2017-11-13 10:37:42 (65.1 MB/s) – “livy-server-0.3.0.zip” saved [95253743/95253743]

/opt/cloudera/livy>unzip livy-server-0.3.0.zip

Go to /opt/cloudera/livy/livy-server-0.3.0/conf and backup livy-env.sh

In /opt/cloudera/livy/livy-server-0.3.0/conf/livy-env.sh add below variables:

export JAVA_HOME=/usr/java/jdk1.7.0_67-cloudera

export SPARK_HOME=/opt/cloudera/parcels/CDH/lib/spark

export HADOOP_CONF_DIR=/etc/hadoop/conf

export LIVY_LOG_DIR=/var/log/livy

NOTE: create the directory /var/log/livy and change ownership:

$ mkdir /var/log/livy

$ chown hdfs:hadoop /var/log/livy

drwxr-xr-x 2 hdfs hadoop 4096 Nov 12 22:22 livy

 

<<<NEXT STEPS>>>               

Start the Livy server using hdfs user:

/opt/cloudera/livy/livy-server-0.3.0/bin>sudo -u hdfs ./livy-server

NOTE: To run the Livy server in the background run the command:

/opt/cloudera/livy/livy-server-0.3.0/bin>nohup sudo -u hdfs ./livy-server > /var/log/livy/livy.out 2> /var/log/livy/livy.err < /dev/null &

 

17/11/13 10:49:17 INFO StateStore$: Using BlackholeStateStore for recovery.

17/11/13 10:49:17 INFO BatchSessionManager: Recovered 0 batch sessions. Next session id: 0

17/11/13 10:49:17 INFO InteractiveSessionManager: Recovered 0 interactive sessions. Next session id: 0

17/11/13 10:49:17 INFO InteractiveSessionManager: Heartbeat watchdog thread started.

17/11/13 10:49:17 INFO WebServer: Starting server on http://xyz.com:8998

17/11/13 10:50:05 INFO InteractiveSession$: Creating LivyClient for sessionId: 0

Check if Livy is running correctly:

/opt/cloudera/livy/livy-server-0.3.0>curl localhost:8998/sessions | python -m json.tool
% Total % Received % Xferd Average Speed Time Time Time Current
Dload Upload Total Spent Left Speed
0 34 0 34 0 0 6178 0 –:–:– –:–:– –:–:– 8500
{
“from”: 0,
“sessions”: [],
“total”: 0
}

 

<<<NEXT STEPS>>>               

Go to Hue UI and bring up the Query->Editor->pySpark

Run an Example.
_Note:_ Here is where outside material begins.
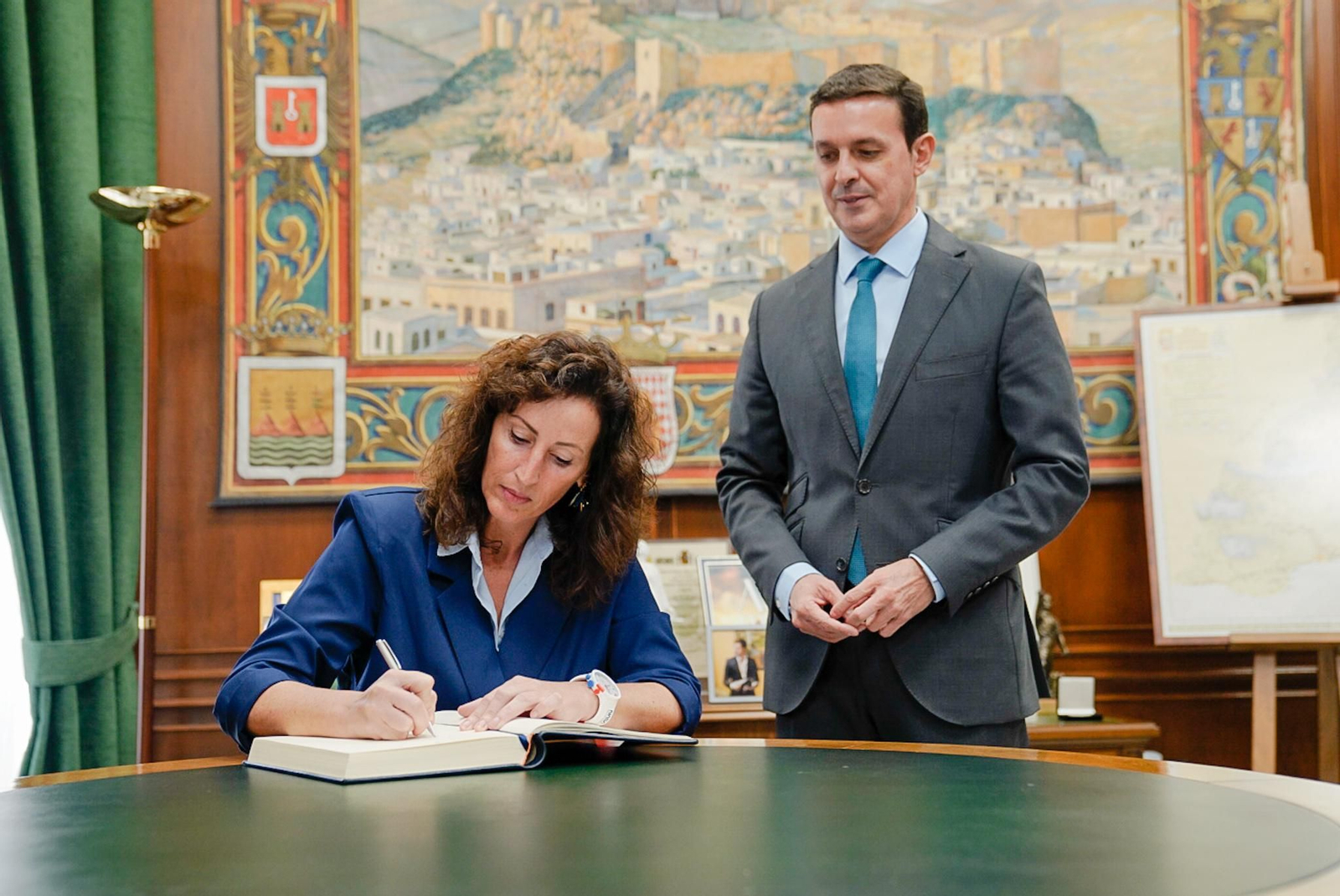 La alcaldesa firma en el Libro de Honor de la Diputación ante la mirada de su presidente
First time it may take 10 secs to start spark context:

print(1+2)

You will see result:

3

You can now run interactive pySpark scripts in Hue 4.0 Notebook.

If you now run in linux below command you will see the session info:

/opt/cloudera/livy/livy-server-0.3.0>curl localhost:8998/sessions | python -m json.tool
% Total % Received % Xferd Average Speed Time Time Time Current
Dload Upload Total Spent Left Speed
176 176 176 176 0 0 33690 0 –:–:– –:–:– –:–:– 44000
{
“from”: 0,
“sessions”: [
{
“appId”: null,
“appInfo”: {
“driverLogUrl”: null,
“sparkUiUrl”: null
},
“id”: 2,
“kind”: “pyspark”,
“log”: [],
“owner”: null,
“proxyUser”: null,
“state”: “idle”
}
],
“total”: 1
}

 

<<<SOME EXAMPLES>>>: 

Below is a pySpark example run on Hue notebook:


from random import random

NUM_SAMPLES = 1000
def sample(p):
x, y = random(), random()
return 1 if x*x + y*y < 1 else 0

count = sc.parallelize(xrange(0, NUM_SAMPLES)).map(sample) \
.reduce(lambda a,b: a+b)

print “Pi is roughly %f” % (4.0 * count / NUM_SAMPLES)


 

Below is the result:

Pi is roughly 3.140000

 

 

EXAMPLE: Query a hive table and schema

#!/usr/bin/env python

from pyspark import SparkContext

from pyspark.sql import HiveContext

 

# Create a Hive Context

hive_context = HiveContext(sc)

 

print “Reading Hive table…”

mytbl = hive_context.sql(“SELECT * FROM db1.table1 limit 5”)

 

print “Registering DataFrame as a table…”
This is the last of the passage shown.